Here at The Constant Complainer, in addition to my own posts, readers can submit Guest Posts on topics they’d like to complain about. Leo Nevoli took some time off, but he’s back today with some Halloween musings. Enjoy, and without further adieu, here’s Leo…
Halloween has come and gone - another celebrated event that seems like it was not there. So even though stores already have their Christmas items for sale (it feels like we miss Halloween) I made a few observations about Halloween that are worth sharing.
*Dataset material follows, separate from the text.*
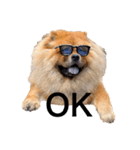 Lilo the Chow 2020（個別スタンプ：6）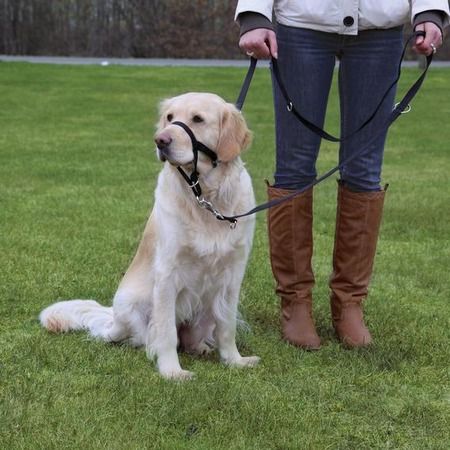 TRIXIE Намордник Trixie для собак тренировочный XL кор40 см длина поводка 46-58 см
I found it odd that I had the time to type this on Halloween itself, while I waited for the live “Ghost Hunters” show to air - something I have watched the past few years on Halloween while giving out candy. It felt out of place that it was actually the 31st, yet I was not handing out candy in the normal 6p to 8p timeslot like I had the past seven years that I have lived in the house (and like my neighbors have done for the past 35 years in the neighborhood). My neighbors and I are not sure why, but our trick-or-treating was moved to Saturday, October 30th instead. It caught some people by surprise - they did not have candy to give away or they had Saturday night plans. The other neighborhoods surrounding mine had theirs on the 31st, so this may explain why I had 215 kids instead of the normal 100 that have come over the past few years. Good thing my daughters came home early with candy I don’t like, because that became the emergency handout candy. I had a feeling that we would have more kids show up because my house is near the boarder of the other neighborhood, so those kids would hit my house first.
When I grew up, my neighborhood always had trick-or-treating the Saturday before Halloween, so I am used to it not being on the 31st. However, I firmly believe that tick-or-treating should universally be on Halloween itself. I am sure kids would disagree with me, because that means less candy, but if it’s the 31st, everyone knows and can plan accordingly. Years ago, the City of Pittsburgh would celebrate July 4th on July 3rd. The mayor believed that by celebrating it a day early (and by having the fireworks on the 3rd), more people would not call off from work the next day - and the City would not have to pay the police holiday overtime. This idea lasted several years, but when a new mayor came in, the fireworks were moved back to the day most people thought they should be celebrated. One common joke that came out of that was that the mayor, who was Jewish, would try to have Christmas celebrated on December 20th.
Anyway, depending on how you look at it, the final year I “unofficially” went trick-or-treating was age 16. Was that too old? Maybe, but considering that I was a newspaper carrier, my neighborhood had trick-or-treating the Saturday before Halloween and everyone was normally home, I was able to get paid for delivering the paper and they were kind enough to give me a treat.
This past weekend, I saw kids (if you want to call them that) about 18 years old out there asking for candy. Which kind of made me wonder just how old is too old for trick-or-treating? I also find it annoying that a few parents were carrying bags asking for candy for their “sick” kid at home. The one mom did not know how to respond when I asked her, who is at home with the sick kid if she and her husband are out with the other kids?
Then there was my one neighbor, who decorated their house, had a strobe light and music playing - but refused to give out candy because he does “not believe in handing candy out.” I casually commented that I found it interesting that he did not believe in handing treats out, but yet he was more then willing to take his five kids house-to-house asking for the same. The general rule of thumb should be that if you are not going to hand any candy out, then you should not send your kids out for the same reason.
I hope everyone had a nice Halloween, because it is now time to get caught up with the stores who have had the Christmas stuff out since July. I’m Leo Nevoli, and that’s my ponderings.